The Fleming grunted. “Tell that to the Varangians. If
you can persuade them to lay down their axes long enough to listen to you.”

“Ah, but those are mercenaries. The Greeks are made of
lesser stuff. Haven’t we just overrun a whole town full of them?”
The southerner laughed. “Oh, no, old friend. We’ve nothing to be
afraid of. Come spring, we’ll twist the Greeks’ arms to get our
money and sail down to Outremer.”

Henry sighed a little. He had not thought that anyone clung
still to that dream.

The Fleming most certainly did not. “If we leave this
place, it will be by fighting our way out of it. Or conquering it, if it comes
to that. Never trust a Greek, boy, and never underestimate him.”

The southerner’s laughter rang clear and mocking over
the manifold noises of their passage.

Abruptly it stopped.

Before Henry’s mind woke to alarm, his body had hauled
his horse about, his eye flashed to find the armored figure toppling slowly
from its saddle. One eye was wide, astonished. The other had sprouted an ell of
black arrow.

Someone thrust Henry’s helm into his hand. Jehan’s
was already on, the priest reaching across to aid his friend. One of the cattle
bellowed, struck by a dart; men cried out, screams and curses and prayers to
every saint in heaven.

The bay destrier wheeled on its haunches. The wood swarmed
with Greeks, an army all about the Frankish column, and at its head under the
imperial banner, the Emperor himself, crowned, cloaked with purple. His
soldiers slipped beneath the lances of the knights to strike at the horses with
swords and daggers, or shot from the branches of the trees where none could
reach them, or plunged a-horseback into the howling chaos of men and cattle and
wagons.

Henry filled his lungs. “Drop lances!” he
bellowed. “Out swords! Form up around the wagons!”

Even as he spoke he let his lance fall, drew his greatsword,
spurred the charger forward. A Greek plunged toward him, a wild-eyed fool who
wore no helmet, only a circlet of gold about his brows. Henry’s blade
swept down; the man’s face dissolved in a spray of scarlet.

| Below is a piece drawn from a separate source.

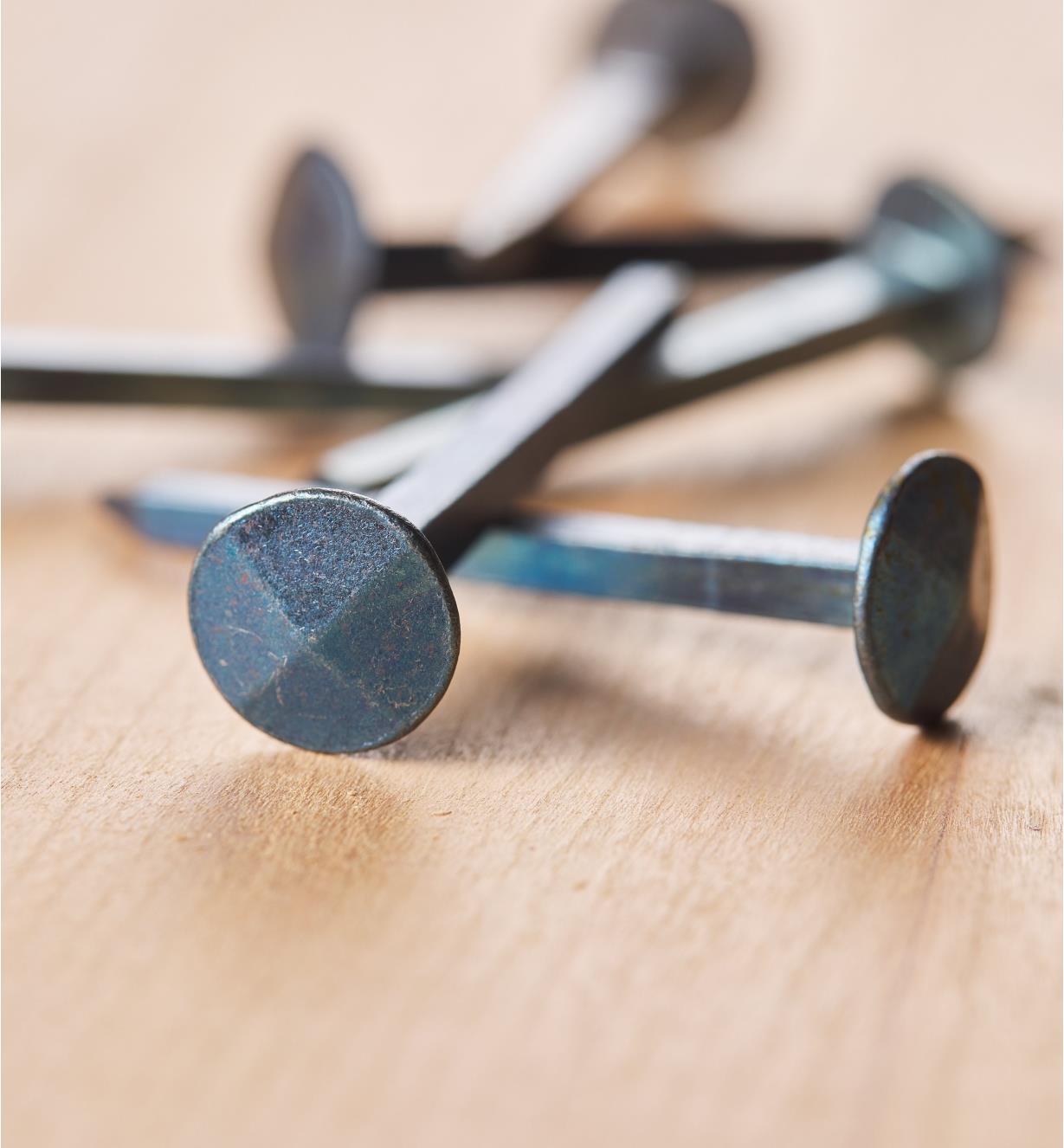 Several Blued Steel Forged Nails from Clouterie Rivierre lying on a board.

The young lord laughed, for he realized suddenly that he was
himself without a helm. He had dropped it somewhere, he knew not where, nor
cared. “To the wagons!” he roared. “To the wagons!”

Jehan’s world was a clamorous darkness lit by a thin
line of light, the eye-slit of his helm. He heard Henry’s voice, his lance
already forsaken, his sword red with blood, and in his mind a bitter clarity.
What fools we were
, it observed, watching his
sword cleave its way through the massed attackers,
riding like ladies on a holiday and never looking for an
ambush. If we survive this, we’ll take no credit for it
. And:
It’s an honorable death, I suppose
. And:
By our Lady! What bold brave knights we are!
He
whirled his dripping blade about his head and whooped, and drove his stallion
into the midst of the enemy.

Shapes whirled past him, a blur of blood and steel. A banner
whipped in the wind, bright, strange, heavy with purple and gold. A mailed
knight matched blade to his blade; another crept up behind, a crawling in his
spine. He touched spur to his stallion’s side. The great horse gathered
and leaped, lashing out with deadly heels even as Jehan’s blade clove the
helmet of the man in front of him.

An image floated above the press, a shimmer of gold and jewels:
a gentle Lady whose great eyes stared serenely into nothingness; whose lips
smiled, impervious to the clamor of battle. Beneath her rode a figure of
splendor, a knight in gold-washed armor on a milk-white mare, his helm
surmounted with a cross; for surcoat he wore a garment of cloth of gold, across
its breast a cross of gems and gold.

Jehan grinned within his helm. A poor priest, he was, in his
plain steel with his surcoat all bloodied, and the Patriarch of Constantinople
flashing and glittering under the icon of the Virgin.